Analysis by Dr. John B. Shea, MD. FRCP(C)
TORONTO, May 28, 2007 (LifeSiteNews.com) – In a recent article in Fertility and Sterility R.T. Mikolajczyk and J.B. Stanford proposed a model experiment that estimated the effectiveness of the disruption of ovulation by Levonorgestrel used as an “emergency contraceptive,” based on the prevention of fertilization.
They also demonstrated what was termed the “effectiveness” of levonorgestrel with or without “mechanisms acting after fertilization.” If disruption of ovulation were the only significant mechanism of action of levonorgestrel, its “effectiveness” could not be much more than 50% if given immediately after intercourse. With delays in its administration, it would be substantially less.
This finding contrasts sharply with “effectiveness” rates reported in clinical trials, where rates as high as 95% are reported if administered within 24 hours after intercourse.

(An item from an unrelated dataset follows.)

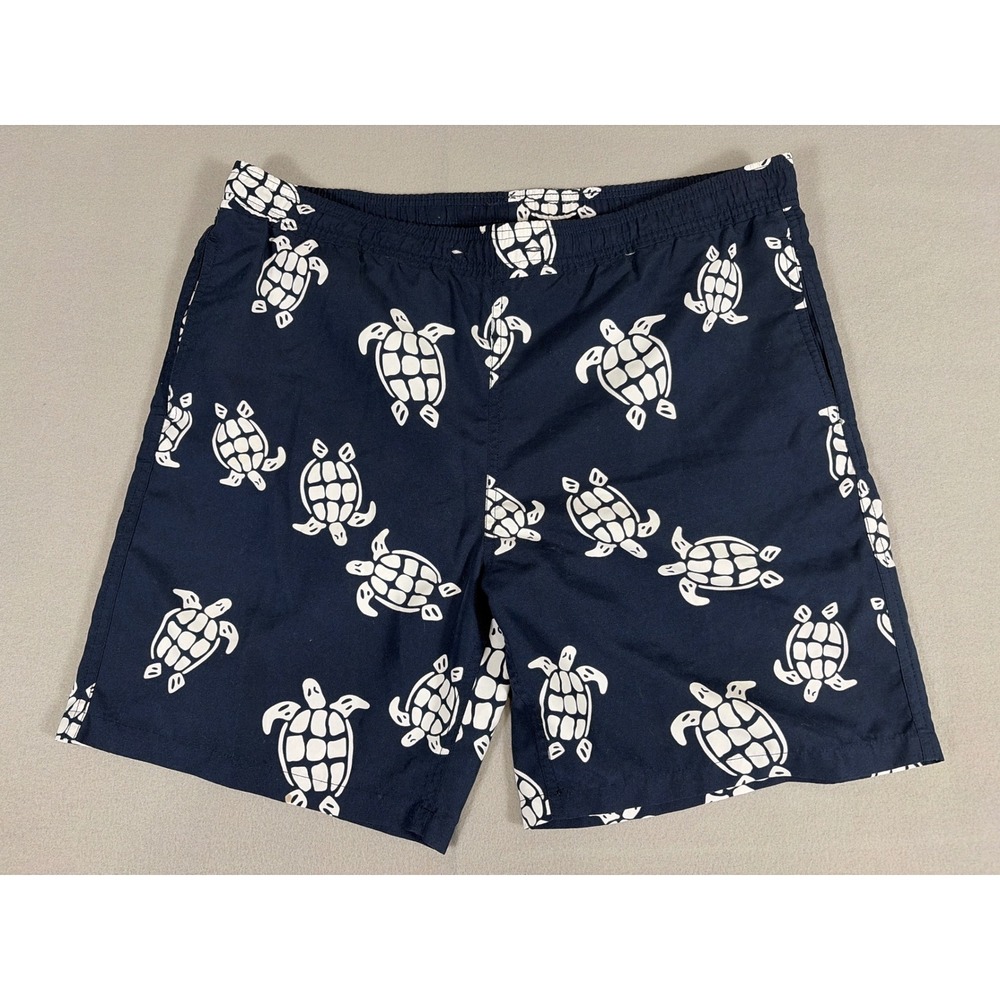 Kirkland Signature Mens Navy Blue Sea Turtle Print Swim Trunks Size Medium 0817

The authors suggest that mechanisms other than disruption of ovulation contribute to this “reduction of clinical pregnancy.” Those mechanisms were said to include inhibition of sperm migration and reduction of sperm capacity for fertilization (both contraceptive mechanisms) and “mechanisms that act after fertilization,” that is, prevent implantation of the embryo in the uterus.
That mechanism causes an abortion and does not “reduce clinical pregnancy.” Only numbers can be reduced. The pregnancies are aborted, not reduced.
The word “effectiveness” is used by the authors in an ambiguous way. One meaning refers to disruption of ovulation, contraception, and the other refers to reduction in fecundity, but does not indicate whether this was the result of contraception, abortion, or both. This study does, however, provide strong evidence that levonorgestrel administered as an “emergency contraceptive” may act as an abortifacient.